What this Budget tells us

30 October 2021

9:00 AM

30 October 2021

9:00 AM

The Budget and the spending review gave the clearest indication yet of what the post-Covid government might look like. During the height of the pandemic, government spending exceeded 50 per cent of the economy for the first time since 1945-46. Even this year, public spending will be higher than when Denis Healey had to seek a bailout from the International Monetary Fund in 1976. Such spending has long-lasting consequences. The tax burden is now at its highest level in terms of GDP since the 1950s and is likely to stay high for some time.

It will take quite an effort to return the government to its pre-pandemic size. The risk is that the UK’s ageing population will make this task particularly difficult. The National Insurance increase to fund more spending on the NHS and social care was a worrying sign of the way things could go. It is all too easy to see how the UK could get stuck with high taxes with spending concentrated on healthcare rather than on productive investment. The NHS accounted for 27 per cent of day-to-day government spending in 1999/2000: that is on course to rise to 44 per cent in three years’ time.

The Budget offered some reassurance on how high the tax burden will go. Boris Johnson and Rishi Sunak have always been keen to stress that they are low-tax Conservatives — declarations that have previously sounded a bit like St Augustine’s prayer for the Lord to make him virtuous, but not yet. Yet this week’s announcement that the universal credit taper rate will be cut from 63 pence to 55 pence is a significant tax cut and one aimed at those most in need of it.

When the Tories were in opposition, David Cameron railed against the 96 per cent marginal tax rate facing people moving from welfare into work. Universal credit, introduced by the coalition government, was meant to solve this problem. Some progress was made on this front, but the working poor still faced a far higher marginal tax rate than those paying the top rate of tax. Faced with the expense of moving to this new system, George Osborne kept the taper rate high, blunting the purpose of the reform, which was supposed to ensure that work always paid. As Cameron admitted in his final conference speech as party leader: ‘Nearly two thirds of children in poverty have parents who are in jobs. For them, work hasn’t worked.’

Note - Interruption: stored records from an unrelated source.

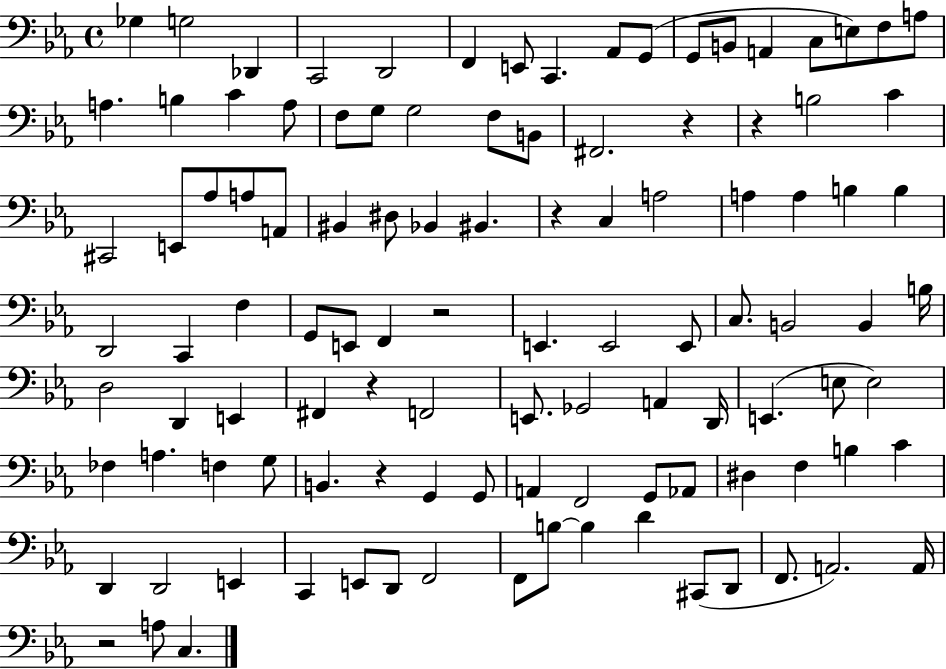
X:1
T:Untitled
M:4/4
L:1/4
K:Eb
_G, G,2 _D,, C,,2 D,,2 F,, E,,/2 C,, _A,,/2 G,,/2 G,,/2 B,,/2 A,, C,/2 E,/2 F,/2 A,/2 A, B, C A,/2 F,/2 G,/2 G,2 F,/2 B,,/2 ^F,,2 z z B,2 C ^C,,2 E,,/2 _A,/2 A,/2 A,,/2 ^B,, ^D,/2 _B,, ^B,, z C, A,2 A, A, B, B, D,,2 C,, F, G,,/2 E,,/2 F,, z2 E,, E,,2 E,,/2 C,/2 B,,2 B,, B,/4 D,2 D,, E,, ^F,, z F,,2 E,,/2 _G,,2 A,, D,,/4 E,, E,/2 E,2 _F, A, F, G,/2 B,, z G,, G,,/2 A,, F,,2 G,,/2 _A,,/2 ^D, F, B, C D,, D,,2 E,, C,, E,,/2 D,,/2 F,,2 F,,/2 B,/2 B, D ^C,,/2 D,,/2 F,,/2 A,,2 A,,/4 z2 A,/2 C,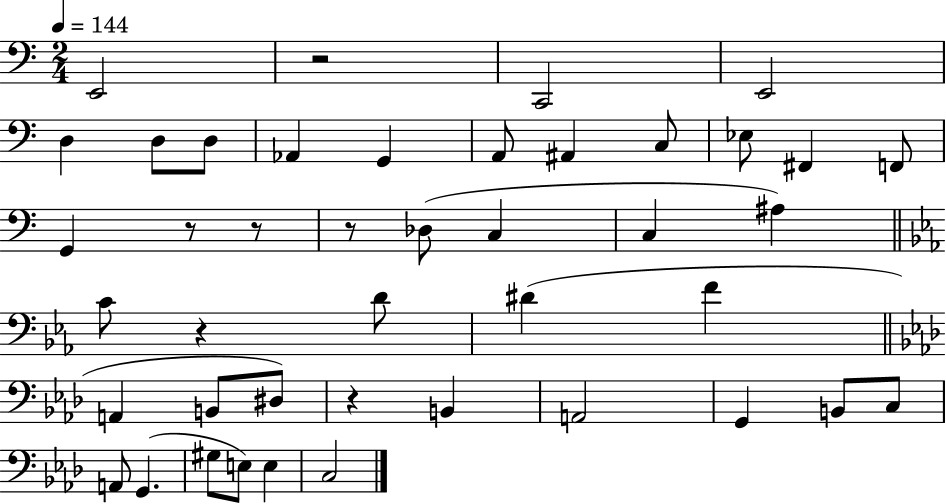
X:1
T:Untitled
M:2/4
L:1/4
K:C
E,,2 z2 C,,2 E,,2 D, D,/2 D,/2 _A,, G,, A,,/2 ^A,, C,/2 _E,/2 ^F,, F,,/2 G,, z/2 z/2 z/2 _D,/2 C, C, ^A, C/2 z D/2 ^D F A,, B,,/2 ^D,/2 z B,, A,,2 G,, B,,/2 C,/2 A,,/2 G,, ^G,/2 E,/2 E, C,2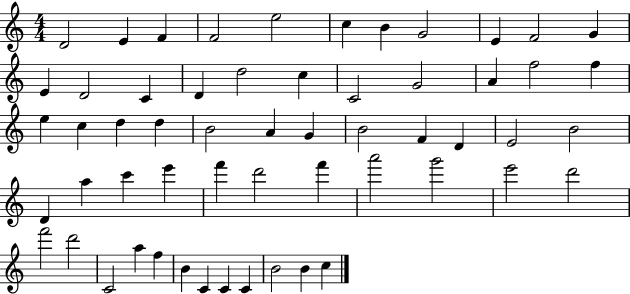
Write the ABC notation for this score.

X:1
T:Untitled
M:4/4
L:1/4
K:C
D2 E F F2 e2 c B G2 E F2 G E D2 C D d2 c C2 G2 A f2 f e c d d B2 A G B2 F D E2 B2 D a c' e' f' d'2 f' a'2 g'2 e'2 d'2 f'2 d'2 C2 a f B C C C B2 B c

This week’s change to the taper rate is welcome. But it is worth remembering that even the new level is higher than the 47 per cent rate faced by those earning over £150,000. The lower taper means that most full-time workers will gain more from this change than they will lose from the end of the £20 uplift to universal credit, which was introduced as an emergency measure during the pandemic.

Sunak’s declared goal that taxes will decline by the end of this parliament is dependent on many factors. His plans could easily be wiped out by a combination of higher inflation and raised interest rates. Then there is the question of whether the government can maintain discipline on the public finances: the Tory party has not been this keen on big government since pre-Thatcher times.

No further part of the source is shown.